(Try it):
Although the data below contains pictures, please reproduce only its words, exactly.

(Given material):
——

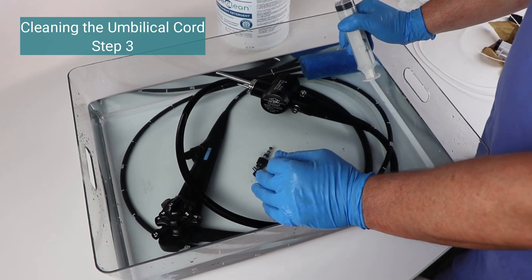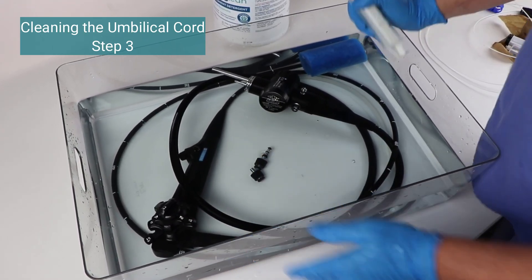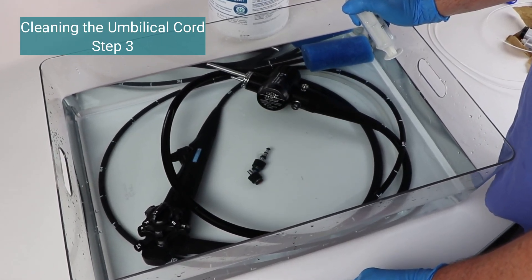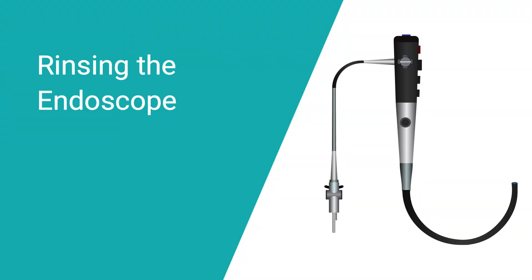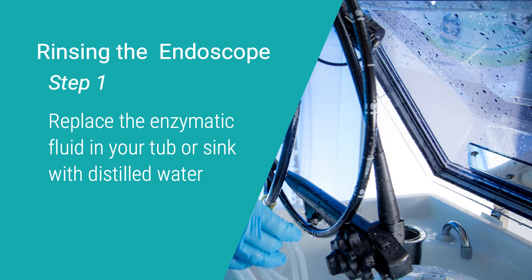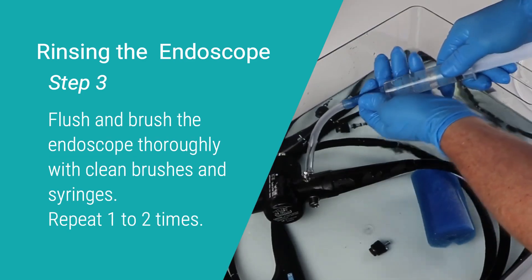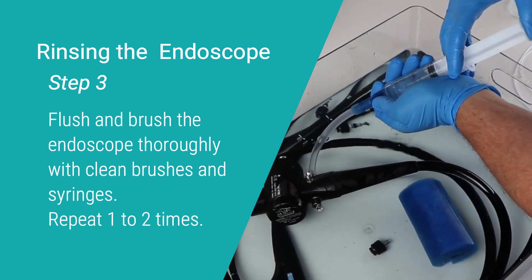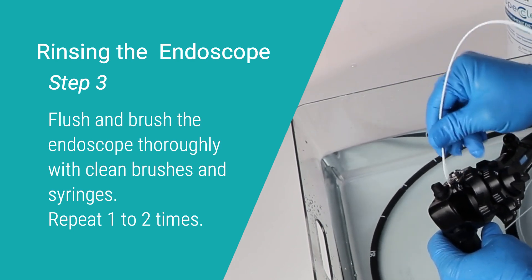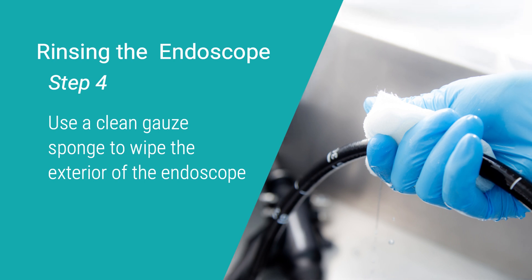Step 3: Let the endoscope soak in the enzymatic cleaning fluid for approximately 15 to 20 minutes. Do not over soak, as it can damage the endoscope components. Rinsing the endoscope — Step 1: Replace the enzymatic fluid in your tub or sink with distilled water. Step 2: Rinse your brushes and syringes in the distilled water. Step 3: Flush and brush the endoscope thoroughly with clean brushes and syringes. Repeat 1 to 2 times. Step 4: Use a clean gauze sponge to wipe the exterior of the endoscope.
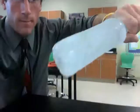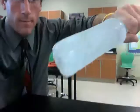Ready? One, two, three. Now it's completely frozen. No more bubble. Frozen water.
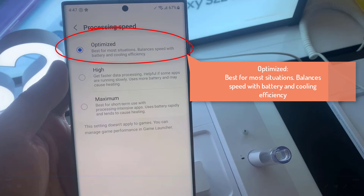What you can do is select Optimize. It is best for most situations — balancing speed with battery and cooling efficiency. This will allow your CPU to relax and not work in overdrive mode.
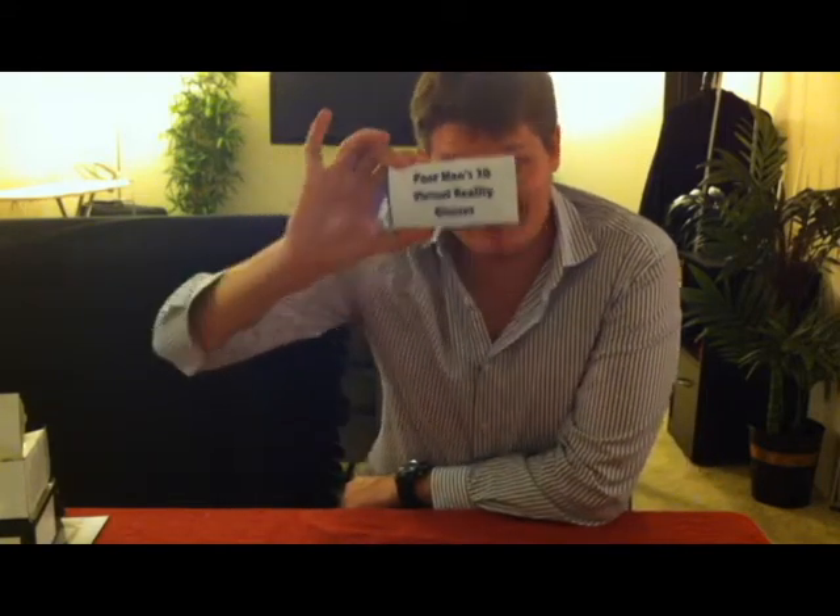I'm Andrew Noski and today I'll be showing you how to make poor man's virtual reality glasses. Okay, let's get started.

——

(Output of the exercise):
Step 3: Let the endoscope soak in the enzymatic cleaning fluid for approximately 15 to 20 minutes. Do not over soak, as it can damage the endoscope components. Rinsing the endoscope — Step 1: Replace the enzymatic fluid in your tub or sink with distilled water. Step 2: Rinse your brushes and syringes in the distilled water. Step 3: Flush and brush the endoscope thoroughly with clean brushes and syringes. Repeat 1 to 2 times. Step 4: Use a clean gauze sponge to wipe the exterior of the endoscope.
Ready? One, two, three. Now it's completely frozen. No more bubble. Frozen water.
What you can do is select Optimize. It is best for most situations — balancing speed with battery and cooling efficiency. This will allow your CPU to relax and not work in overdrive mode.
I'm Andrew Noski and today I'll be showing you how to make poor man's virtual reality glasses. Okay, let's get started.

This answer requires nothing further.